LOS ANGELES – There’s something really wrong with Hollywood if it can’t get off to a better start than it did during the dreary summer of 2005.

Last year’s first big May releases: The historical snoozer “Kingdom of Heaven” and the forgettable comedies “Kicking and Screaming” and “Monster-in-Law.”

This year’s summer lead-ins: “Mission: Impossible III,” pitting Tom Cruise against supervillain Philip Seymour Hoffman; “Poseidon,” a remake of “The Poseidon Adventure” directed by Hollywood’s king of the sea, Wolfgang Petersen (“The Perfect Storm,” “Das Boot”); the animated “Over the Hedge,” an animals-against-humans comedy from the makers of “Shrek”; and “The Da Vinci Code,” reuniting Tom Hanks with director Ron Howard.

After stumbling out of the gate last year, when summer movie attendance fell 12 percent to its lowest level since 1997, Hollywood seems to have a more crowd-pleasing lineup to lure audiences back to theaters.

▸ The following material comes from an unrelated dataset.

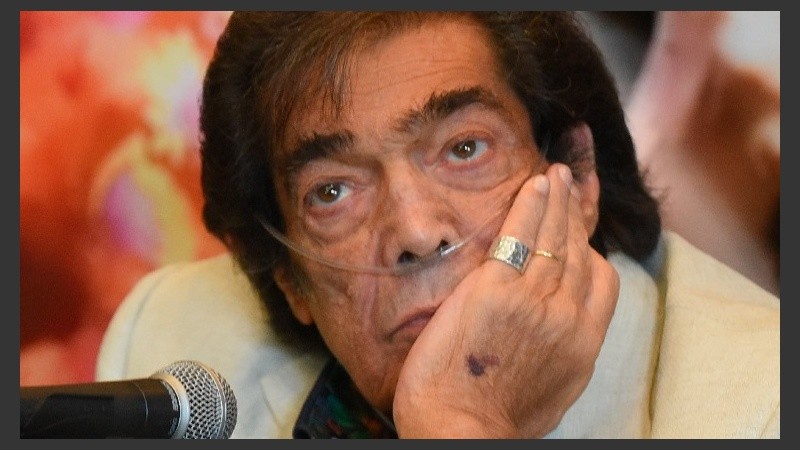 Cacho Castaña quedó internado en un sanatorio de Buenos Aires.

A look at key summer releases:

LOOKING FOR ACTION: Tom Cruise’s first two “Mission: Impossible” capers were heavy on action and style. “Mission: Impossible III” director J.J. Abrams, creator of TV’s “Lost” and “Alias,” said he aimed to balance action with character interplay in the spirit of the television show on which the movies are based.

SUPERHEROES ON PARADE: Fighters for truth, justice and the rights of Mutant-Americans are back, led by “X-Men: The Last Stand,” the third installment in the franchise about the gang of super freaks, and “Superman Returns,” with the Man of Steel suiting up for his first big-screen adventure in almost 20 years.

SEPT. 11 TERRORIST ATTACKS: Nearly five years after Sept. 11 comes the first major wave of big-screen films dealing with the terrorist attacks.

“United 93” mostly features a cast of unknowns in a gut-wrenching docudrama about the passengers who fought back and lost their lives during one of the Sept. 11 hijackings.

ANIMATION MANIA: Featuring the voices of Owen Wilson, Paul Newman and Bonnie Hunt, “Cars” is the latest from computer-animation pioneer John Lasseter, who directed the “Toy Story” movies. The film follows a haughty race car (Wilson) who learns to slow down and make time for friends after he’s stranded in a sleepy town.

CREEPY AND CRYPTIC: M. Night Shyamalan is back with “Lady in the Water,” which recounts the tale of an apartment manager (Paul Giamatti) who discovers a water nymph (“Village” star Bryce Dallas Howard) living beneath his complex’s pool and trying to escape creatures preventing her return to her own world.